# Training models on Fluxnet data

To create fluxnet models efficiently, we created a workflow runner. 

After specifying some directories, which datasets you want to include, and which labels from these datasets you'd want to use, you can run the workflow.

We'll start by importing the necessary modules and setting up Dask:

In [1]:
from pathlib import Path

from dask.distributed import Client

from excited_workflow.train_fluxnet_models import FluxnetExperiment
from excited_workflow.train_fluxnet_models import calculate_era5_derived_vars
from excited_workflow.train_fluxnet_models import collect_training_data
from excited_workflow.train_fluxnet_models import run_workflow


client = Client(n_workers=2, threads_per_worker=2)

Next we have to define some directories:

- where is the pre-processed fluxnet data stored?
- where should the pre-processed ERA5 data be stored?
- where do you want the trained models to be written to?

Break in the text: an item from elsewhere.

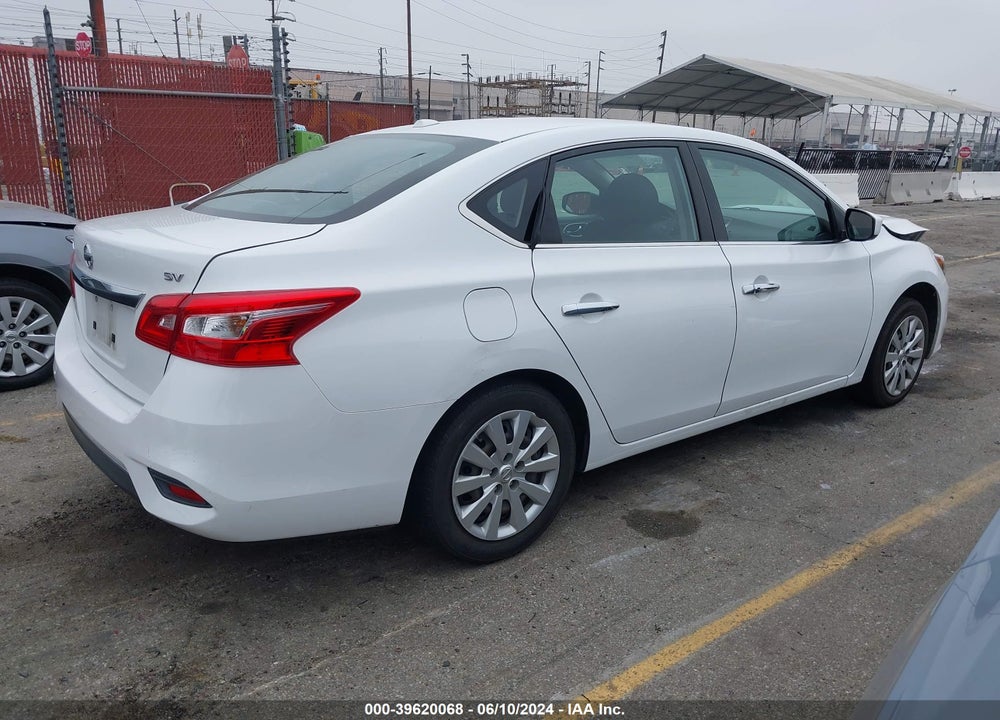 2016 NISSAN SENTRA SV VIN: 3N1AB7AP6GY217333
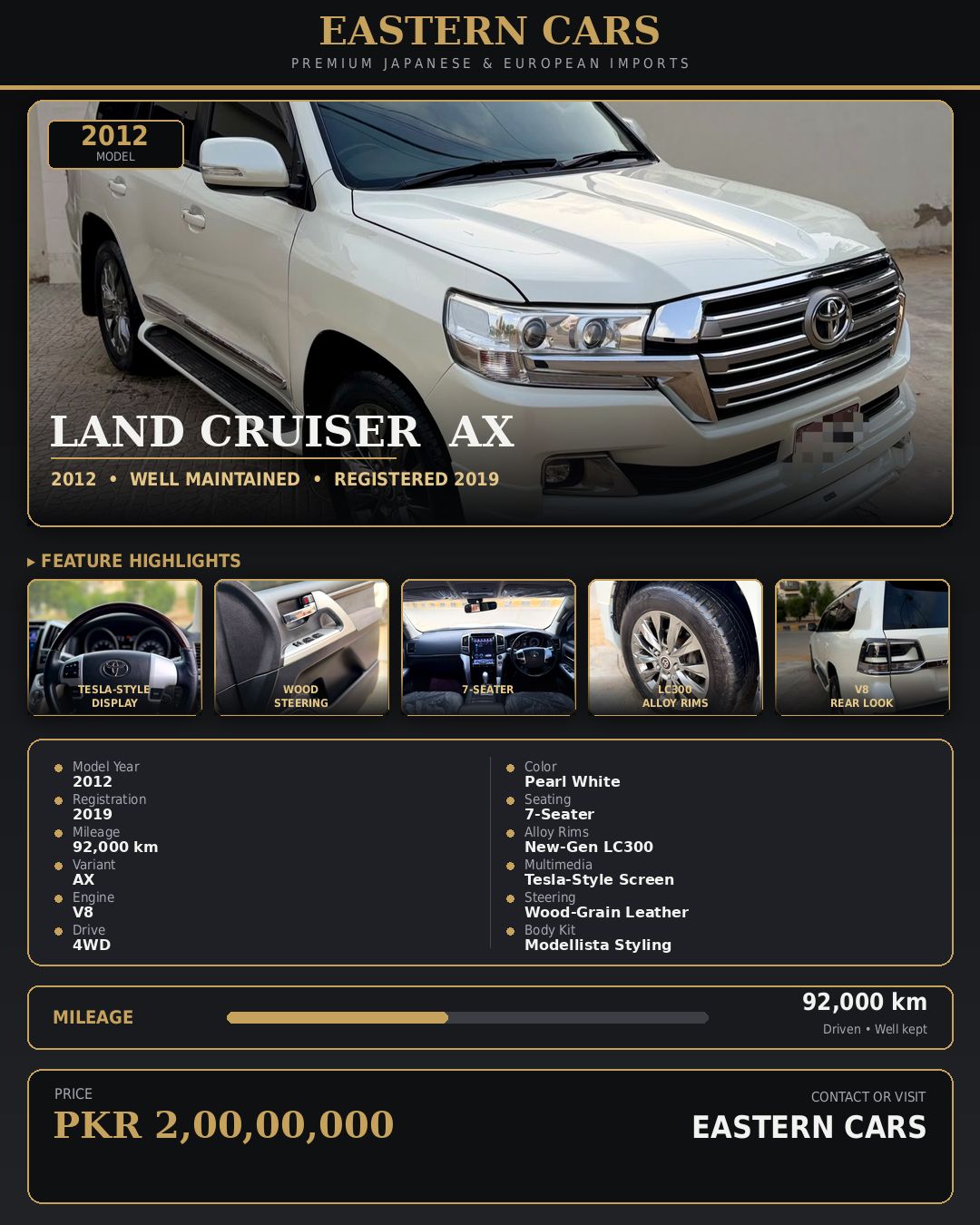 Eastern Cars — Premium Automobile Showroom — Premium Automobile Showroom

Additionally, you have to define which additional (monthly) datasets are required:

In [2]:
ameriflux_file = Path("/data/volume_2/NEE_ameriflux_transcom2.nc")
preprocessed_dir = Path("/data/volume_2/preprocessed_site_data")
output_directory = Path("/data/volume_2/trained_models")

additional_datasets = [
    "biomass",
    "spei",
    "modis",
]

If you want to know which variables will be available when you run this workflow, you can load the dataset that the workflow uses.
Note that loading in all this data takes some time, especially if the ERA5 data has not been pre-processed yet.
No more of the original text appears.